News (Media Awareness Project) - US: Colleges Eye Restrictions on Promotions by Brewing Companies |
Title: | US: Colleges Eye Restrictions on Promotions by Brewing Companies |
Published On: | 1998-01-18 |
Source: | The Chronicle of Higher Education |
Fetched On: | 2008-09-07 16:51:41 |
COLLEGES EYE RESTRICTIONS ON PROMOTIONS BY BREWING COMPANIES
But Lucrative Advertising On Televised Games Is Unlikely To Be Stopped
When McKinley Boston was director of men's athletics at the University of
Minnesota-Twin Cities in 1994, he negotiated a contract with the Miller
Brewing Company that allowed the brewer to install signs in the
university's athletics arenas and to use Minnesota's mascot, the Golden
Gopher, in the company's advertising.
That contract, worth $150,000, expired in June. This past fall, the
university's athletics department asked Dr. Boston, who is now
vice-president for student development and intercollegiate athletics of the
university system, about signing a similar contract, worth $225,000, with a
different brewer.
This time, he said No.
"Being in a new position, I was able to get a big-picture view of what was
happening," says Dr. Boston, who announced his decision last month. Over
the fall, that picture included the alcohol-related deaths of students at
the Louisiana State University and the Massachusetts Institute of
Technology; the need for 14 students from the Twin Cities campus to enter
alcohol-rehabilitation programs; and an increase in alcohol-related
assaults on that campus.
"I just personally felt like it was the right thing to do," Dr. Boston says
of his decision. "I just felt like we were sending students a mixed message."

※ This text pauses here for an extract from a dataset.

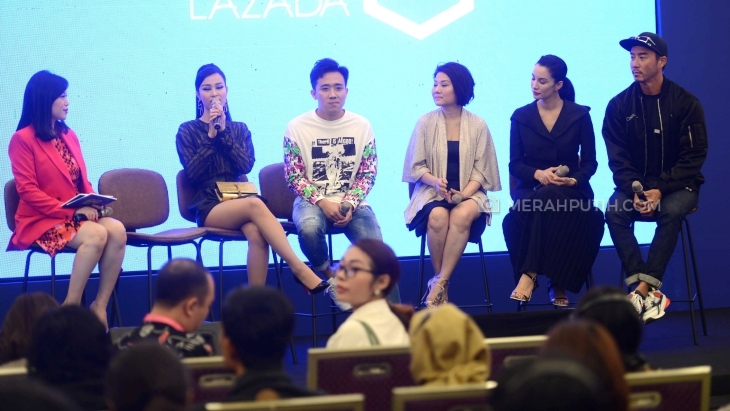 Monika Rudijono, Chief Marketing Officer Lazada Indonesia (tengah) (MP/Albi)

Because the university's negotiations with the Minnesota Brewing Company
were almost complete, however, he chose not to leave the brewer in the
lurch, and recommended shortening the deal to one year instead of three.
The decision still must be approved by Mark G. Yudof, the system's president.

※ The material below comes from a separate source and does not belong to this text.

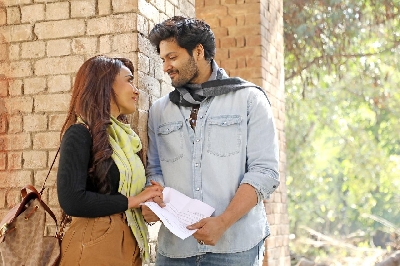Vishal Mishra sings about past love experience with Ali Fazal, Surbhi in music video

Administrators in Minnesota are not the only ones rethinking the
relationship between college athletics programs and the alcoholic-beverage
industry.
Last fall, the University of North Carolina at Chapel Hill joined Baylor
and Brigham Young Universities in the small group of those that refuse
alcohol advertising in their arenas and on radio broadcasts of games.
In November, California State University at Fresno removed from its arena
an inflatable silver tunnel that resembled a can of Coors Silver Bullet
beer after a player had left the men's basketball team to deal with a
substance-abuse problem.
And last month, the Big Ten and Pacific-10 Conferences failed in an effort
to persuade the city of Pasadena not to sell beer at the Rose Bowl.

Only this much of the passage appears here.